You might expect the country that makes the world's finest timepieces to be good at all sorts of precision products. So it is with motion test simulation equipment. Acutronic - a company of 120 employees based in Bubikon, near Lake Zurich - is not a brand of watches but the world's biggest supplier of the highly specialist machines used by the makers of missile sensors, flight display units and other inertial guidance systems.

It is a niche market even when you add the automotive and consumer electronics sectors Acutronic also supplies, with about five players. After it established US production facilities in Pittsburgh in 1989, a burst of consolidation in the 1990s and 2000s saw Acutronic, founded in 1973, acquire two of its competitors.

Together with its legacy businesses Acutronic has delivered about 1,000 inertial guidance test systems and so-called hardware in the loop equipment for missiles and smart munitions, and the company continues to build up to 40 systems a year, most of them for aerospace.

 Acutronic's facility
Acutronic's customers include the elite of the aerospace industry. Picture: Acutronic

The equipment ranges from off-the-shelf one-axis systems used to calibrate low-tech products such as gyroscopes or accelerometers to top-of-the-range five-axis motion simulators, built to order for customers including MBDA, which uses an Acutronic machine to test the seeker head of the German Panavia Tornado's Taurus missile.
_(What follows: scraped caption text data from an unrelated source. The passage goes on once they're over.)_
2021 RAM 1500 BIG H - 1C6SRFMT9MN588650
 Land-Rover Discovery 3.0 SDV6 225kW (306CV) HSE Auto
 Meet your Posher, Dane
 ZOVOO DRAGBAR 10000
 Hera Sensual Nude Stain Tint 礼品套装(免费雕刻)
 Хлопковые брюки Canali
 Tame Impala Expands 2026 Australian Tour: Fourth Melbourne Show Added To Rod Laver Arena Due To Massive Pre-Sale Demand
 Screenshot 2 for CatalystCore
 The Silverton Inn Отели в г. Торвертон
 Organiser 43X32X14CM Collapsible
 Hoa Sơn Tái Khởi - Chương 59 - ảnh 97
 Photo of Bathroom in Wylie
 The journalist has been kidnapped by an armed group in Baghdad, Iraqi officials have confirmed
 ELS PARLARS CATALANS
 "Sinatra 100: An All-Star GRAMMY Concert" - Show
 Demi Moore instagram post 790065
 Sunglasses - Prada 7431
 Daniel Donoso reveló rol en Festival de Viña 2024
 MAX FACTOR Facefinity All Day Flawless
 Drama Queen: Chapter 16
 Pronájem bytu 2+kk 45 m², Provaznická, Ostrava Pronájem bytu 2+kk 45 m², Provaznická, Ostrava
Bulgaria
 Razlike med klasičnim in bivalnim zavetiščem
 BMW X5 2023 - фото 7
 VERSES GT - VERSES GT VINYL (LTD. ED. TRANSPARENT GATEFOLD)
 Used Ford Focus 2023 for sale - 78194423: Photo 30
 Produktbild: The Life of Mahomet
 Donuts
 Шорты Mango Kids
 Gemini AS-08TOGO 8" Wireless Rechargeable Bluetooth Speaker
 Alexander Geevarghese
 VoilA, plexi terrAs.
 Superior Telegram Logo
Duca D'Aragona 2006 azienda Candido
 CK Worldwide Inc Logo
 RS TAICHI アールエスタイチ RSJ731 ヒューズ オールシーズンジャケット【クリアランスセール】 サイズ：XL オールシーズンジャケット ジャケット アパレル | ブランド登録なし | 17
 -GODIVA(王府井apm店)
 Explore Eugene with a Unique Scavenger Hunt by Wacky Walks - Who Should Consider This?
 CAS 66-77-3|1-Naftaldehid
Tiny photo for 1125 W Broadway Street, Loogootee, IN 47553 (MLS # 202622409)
Customers comprise the elite of the aerospace industry - BAE Systems, Boeing, Honeywell, Lockheed Martin, Meggitt, Sagem and Thales - as well as some small start-ups, says Beat Brunner, vice-president customers and markets.

It is not a price-sensitive market - motion test simulation equipment is a vital one-off purchase that customers need to get right, says Brunner. However, Acutronic's cost base is a challenge, given the high value of the Swiss franc and the fact that more than half its Swiss staff have engineering degrees.

Another problem - ironically - is the reliability of the equipment, making the products attractive but replacement purchases rare. "It lasts almost forever," says Brunner. However, the machines do need to be serviced annually with parts occasionally replaced, and aftersales make up about 20% of the company's SFr44 million ($44 million) revenues.

With the European market fast becoming saturated, Acutronic has just opened a sales office in China, and may add a production facility. "Although we have some potential in Europe with start-ups or customers increasing production, the real growth for us will come from new markets in Asia and Russia," says Brunner.